- _REQUIRED ACTION_:
Only the lines from the beginning of the data below through the line containing "disegni di spider-man" belong in the response, each copied exactly.

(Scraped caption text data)
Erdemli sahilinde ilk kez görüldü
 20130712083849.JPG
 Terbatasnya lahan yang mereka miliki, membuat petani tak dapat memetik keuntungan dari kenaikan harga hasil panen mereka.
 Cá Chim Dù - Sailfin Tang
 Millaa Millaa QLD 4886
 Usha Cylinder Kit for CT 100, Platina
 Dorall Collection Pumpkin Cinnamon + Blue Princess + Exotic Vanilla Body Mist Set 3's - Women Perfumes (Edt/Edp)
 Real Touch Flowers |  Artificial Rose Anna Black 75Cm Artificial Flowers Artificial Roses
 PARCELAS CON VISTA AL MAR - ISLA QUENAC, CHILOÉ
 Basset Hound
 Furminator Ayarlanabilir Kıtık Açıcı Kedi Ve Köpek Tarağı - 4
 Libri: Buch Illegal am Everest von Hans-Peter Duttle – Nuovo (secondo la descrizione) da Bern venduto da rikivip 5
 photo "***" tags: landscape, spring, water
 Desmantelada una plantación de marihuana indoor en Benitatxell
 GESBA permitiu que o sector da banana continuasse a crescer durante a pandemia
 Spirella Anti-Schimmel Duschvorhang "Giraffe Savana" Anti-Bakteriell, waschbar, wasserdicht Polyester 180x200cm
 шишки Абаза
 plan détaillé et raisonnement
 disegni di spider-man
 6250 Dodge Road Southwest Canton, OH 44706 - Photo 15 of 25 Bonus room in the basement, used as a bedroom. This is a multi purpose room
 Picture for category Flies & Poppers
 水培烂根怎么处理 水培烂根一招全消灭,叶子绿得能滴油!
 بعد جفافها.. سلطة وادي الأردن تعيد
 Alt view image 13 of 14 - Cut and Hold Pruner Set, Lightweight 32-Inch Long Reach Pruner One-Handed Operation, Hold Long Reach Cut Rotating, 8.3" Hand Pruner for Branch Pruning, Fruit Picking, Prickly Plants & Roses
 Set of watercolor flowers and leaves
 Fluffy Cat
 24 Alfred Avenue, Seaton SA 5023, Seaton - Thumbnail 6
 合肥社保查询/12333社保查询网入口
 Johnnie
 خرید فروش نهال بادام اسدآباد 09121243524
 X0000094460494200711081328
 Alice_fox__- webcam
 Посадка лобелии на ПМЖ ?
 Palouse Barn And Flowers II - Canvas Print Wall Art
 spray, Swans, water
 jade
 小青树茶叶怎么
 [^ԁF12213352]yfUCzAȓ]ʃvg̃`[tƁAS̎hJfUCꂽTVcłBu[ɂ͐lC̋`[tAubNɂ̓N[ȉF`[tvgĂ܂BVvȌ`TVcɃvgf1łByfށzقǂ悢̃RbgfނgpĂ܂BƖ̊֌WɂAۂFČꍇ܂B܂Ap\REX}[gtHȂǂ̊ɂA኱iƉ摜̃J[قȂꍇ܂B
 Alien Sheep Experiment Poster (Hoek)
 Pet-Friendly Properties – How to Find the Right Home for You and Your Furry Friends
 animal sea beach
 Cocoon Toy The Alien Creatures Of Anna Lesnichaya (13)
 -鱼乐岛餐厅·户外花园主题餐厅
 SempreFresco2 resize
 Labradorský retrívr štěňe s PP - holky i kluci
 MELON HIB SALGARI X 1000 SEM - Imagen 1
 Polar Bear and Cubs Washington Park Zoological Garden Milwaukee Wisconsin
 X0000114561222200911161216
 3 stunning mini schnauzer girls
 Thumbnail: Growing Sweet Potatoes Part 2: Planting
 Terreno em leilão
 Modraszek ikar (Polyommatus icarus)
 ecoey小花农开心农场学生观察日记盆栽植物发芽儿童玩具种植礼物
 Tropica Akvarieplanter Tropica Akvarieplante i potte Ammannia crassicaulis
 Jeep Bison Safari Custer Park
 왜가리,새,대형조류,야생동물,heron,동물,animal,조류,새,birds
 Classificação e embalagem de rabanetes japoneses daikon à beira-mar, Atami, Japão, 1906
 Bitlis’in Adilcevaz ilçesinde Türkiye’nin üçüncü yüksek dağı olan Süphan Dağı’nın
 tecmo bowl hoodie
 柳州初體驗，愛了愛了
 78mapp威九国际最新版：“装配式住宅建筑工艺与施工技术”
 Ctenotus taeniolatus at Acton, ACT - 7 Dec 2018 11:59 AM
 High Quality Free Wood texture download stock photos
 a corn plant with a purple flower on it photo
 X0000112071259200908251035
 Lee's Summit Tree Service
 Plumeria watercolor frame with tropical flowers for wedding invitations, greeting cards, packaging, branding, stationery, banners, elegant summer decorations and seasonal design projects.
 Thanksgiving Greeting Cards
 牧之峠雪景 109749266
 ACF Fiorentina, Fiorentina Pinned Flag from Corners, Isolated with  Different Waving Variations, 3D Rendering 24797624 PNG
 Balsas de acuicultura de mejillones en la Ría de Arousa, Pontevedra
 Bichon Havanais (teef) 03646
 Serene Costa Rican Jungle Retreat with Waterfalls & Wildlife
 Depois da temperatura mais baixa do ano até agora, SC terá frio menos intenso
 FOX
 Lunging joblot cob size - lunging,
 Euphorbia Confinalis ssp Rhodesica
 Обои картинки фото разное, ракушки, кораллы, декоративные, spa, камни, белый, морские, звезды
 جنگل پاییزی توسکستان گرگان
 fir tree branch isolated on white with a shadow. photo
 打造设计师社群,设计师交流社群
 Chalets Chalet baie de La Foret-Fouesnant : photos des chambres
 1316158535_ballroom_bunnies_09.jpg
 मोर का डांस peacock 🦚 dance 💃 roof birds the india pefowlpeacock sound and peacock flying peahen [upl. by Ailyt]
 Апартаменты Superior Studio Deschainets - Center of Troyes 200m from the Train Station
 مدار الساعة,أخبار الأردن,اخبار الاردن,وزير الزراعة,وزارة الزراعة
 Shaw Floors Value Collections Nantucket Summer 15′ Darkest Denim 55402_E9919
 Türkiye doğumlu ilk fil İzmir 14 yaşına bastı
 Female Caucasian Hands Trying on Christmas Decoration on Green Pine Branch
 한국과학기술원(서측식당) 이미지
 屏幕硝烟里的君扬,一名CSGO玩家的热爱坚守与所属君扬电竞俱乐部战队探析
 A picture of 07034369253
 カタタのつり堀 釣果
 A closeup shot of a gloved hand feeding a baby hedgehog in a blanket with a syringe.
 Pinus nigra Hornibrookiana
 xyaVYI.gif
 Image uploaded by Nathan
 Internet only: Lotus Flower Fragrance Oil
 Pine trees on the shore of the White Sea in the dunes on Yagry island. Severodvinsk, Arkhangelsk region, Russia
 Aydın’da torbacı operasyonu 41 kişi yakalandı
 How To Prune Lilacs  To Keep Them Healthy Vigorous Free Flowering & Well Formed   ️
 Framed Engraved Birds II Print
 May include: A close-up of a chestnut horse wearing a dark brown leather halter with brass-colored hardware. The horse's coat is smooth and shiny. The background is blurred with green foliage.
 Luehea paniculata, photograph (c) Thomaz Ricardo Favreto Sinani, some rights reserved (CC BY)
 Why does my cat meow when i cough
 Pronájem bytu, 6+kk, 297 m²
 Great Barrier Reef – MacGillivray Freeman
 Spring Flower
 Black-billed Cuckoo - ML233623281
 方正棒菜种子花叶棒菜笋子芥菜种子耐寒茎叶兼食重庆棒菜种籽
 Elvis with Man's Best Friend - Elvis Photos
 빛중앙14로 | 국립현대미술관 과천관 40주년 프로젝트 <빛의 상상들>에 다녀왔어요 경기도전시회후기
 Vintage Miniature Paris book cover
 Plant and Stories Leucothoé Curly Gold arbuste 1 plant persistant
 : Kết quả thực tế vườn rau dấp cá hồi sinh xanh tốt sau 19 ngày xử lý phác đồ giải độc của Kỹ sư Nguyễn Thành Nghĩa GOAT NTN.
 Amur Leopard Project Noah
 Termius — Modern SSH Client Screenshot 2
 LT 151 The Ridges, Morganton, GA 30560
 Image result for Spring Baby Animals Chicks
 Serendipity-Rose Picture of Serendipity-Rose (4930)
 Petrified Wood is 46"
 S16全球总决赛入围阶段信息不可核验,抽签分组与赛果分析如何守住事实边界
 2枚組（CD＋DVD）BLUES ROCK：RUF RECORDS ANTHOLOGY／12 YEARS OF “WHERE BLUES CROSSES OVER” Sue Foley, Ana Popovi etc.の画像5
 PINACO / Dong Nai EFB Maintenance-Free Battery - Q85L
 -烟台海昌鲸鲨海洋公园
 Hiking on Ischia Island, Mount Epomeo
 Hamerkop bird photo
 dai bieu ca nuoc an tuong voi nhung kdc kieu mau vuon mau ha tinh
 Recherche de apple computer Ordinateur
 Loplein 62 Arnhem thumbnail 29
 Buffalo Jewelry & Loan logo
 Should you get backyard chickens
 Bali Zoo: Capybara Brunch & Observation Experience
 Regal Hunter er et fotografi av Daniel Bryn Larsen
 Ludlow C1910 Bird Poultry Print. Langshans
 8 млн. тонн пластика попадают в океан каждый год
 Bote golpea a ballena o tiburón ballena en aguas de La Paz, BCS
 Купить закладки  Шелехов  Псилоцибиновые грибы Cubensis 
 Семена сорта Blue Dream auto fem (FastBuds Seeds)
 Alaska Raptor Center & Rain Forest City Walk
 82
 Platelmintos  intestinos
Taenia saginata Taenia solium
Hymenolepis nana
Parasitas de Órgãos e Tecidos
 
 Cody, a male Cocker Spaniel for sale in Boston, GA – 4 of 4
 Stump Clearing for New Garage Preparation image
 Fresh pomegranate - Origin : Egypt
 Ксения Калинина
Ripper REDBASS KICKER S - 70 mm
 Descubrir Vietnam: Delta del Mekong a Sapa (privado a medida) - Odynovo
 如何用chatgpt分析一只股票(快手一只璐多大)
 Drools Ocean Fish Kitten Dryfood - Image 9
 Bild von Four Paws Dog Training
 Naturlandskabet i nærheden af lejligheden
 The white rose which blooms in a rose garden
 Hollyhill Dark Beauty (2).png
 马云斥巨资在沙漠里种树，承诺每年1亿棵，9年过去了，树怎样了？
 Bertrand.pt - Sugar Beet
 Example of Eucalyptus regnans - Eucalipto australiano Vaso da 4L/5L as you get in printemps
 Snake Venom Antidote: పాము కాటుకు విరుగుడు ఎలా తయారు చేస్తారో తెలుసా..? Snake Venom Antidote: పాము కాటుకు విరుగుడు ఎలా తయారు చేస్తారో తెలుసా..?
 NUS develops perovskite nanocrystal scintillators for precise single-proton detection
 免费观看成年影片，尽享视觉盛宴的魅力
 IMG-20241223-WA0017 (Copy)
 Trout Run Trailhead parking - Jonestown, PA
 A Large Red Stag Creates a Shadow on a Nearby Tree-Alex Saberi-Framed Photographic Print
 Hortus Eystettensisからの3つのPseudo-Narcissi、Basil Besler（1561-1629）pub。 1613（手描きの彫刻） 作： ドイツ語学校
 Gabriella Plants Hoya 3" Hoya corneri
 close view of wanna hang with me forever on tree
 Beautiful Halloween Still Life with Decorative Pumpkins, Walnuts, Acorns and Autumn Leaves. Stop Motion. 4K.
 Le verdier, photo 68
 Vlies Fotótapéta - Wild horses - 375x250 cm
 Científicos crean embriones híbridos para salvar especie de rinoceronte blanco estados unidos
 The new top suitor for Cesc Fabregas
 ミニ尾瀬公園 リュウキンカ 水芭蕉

- _OUTPUT FOR THIS TASK_:
Erdemli sahilinde ilk kez görüldü
 20130712083849.JPG
 Terbatasnya lahan yang mereka miliki, membuat petani tak dapat memetik keuntungan dari kenaikan harga hasil panen mereka.
 Cá Chim Dù - Sailfin Tang
 Millaa Millaa QLD 4886
 Usha Cylinder Kit for CT 100, Platina
 Dorall Collection Pumpkin Cinnamon + Blue Princess + Exotic Vanilla Body Mist Set 3's - Women Perfumes (Edt/Edp)
 Real Touch Flowers |  Artificial Rose Anna Black 75Cm Artificial Flowers Artificial Roses
 PARCELAS CON VISTA AL MAR - ISLA QUENAC, CHILOÉ
 Basset Hound
 Furminator Ayarlanabilir Kıtık Açıcı Kedi Ve Köpek Tarağı - 4
 Libri: Buch Illegal am Everest von Hans-Peter Duttle – Nuovo (secondo la descrizione) da Bern venduto da rikivip 5
 photo "***" tags: landscape, spring, water
 Desmantelada una plantación de marihuana indoor en Benitatxell
 GESBA permitiu que o sector da banana continuasse a crescer durante a pandemia
 Spirella Anti-Schimmel Duschvorhang "Giraffe Savana" Anti-Bakteriell, waschbar, wasserdicht Polyester 180x200cm
 шишки Абаза
 plan détaillé et raisonnement
 disegni di spider-man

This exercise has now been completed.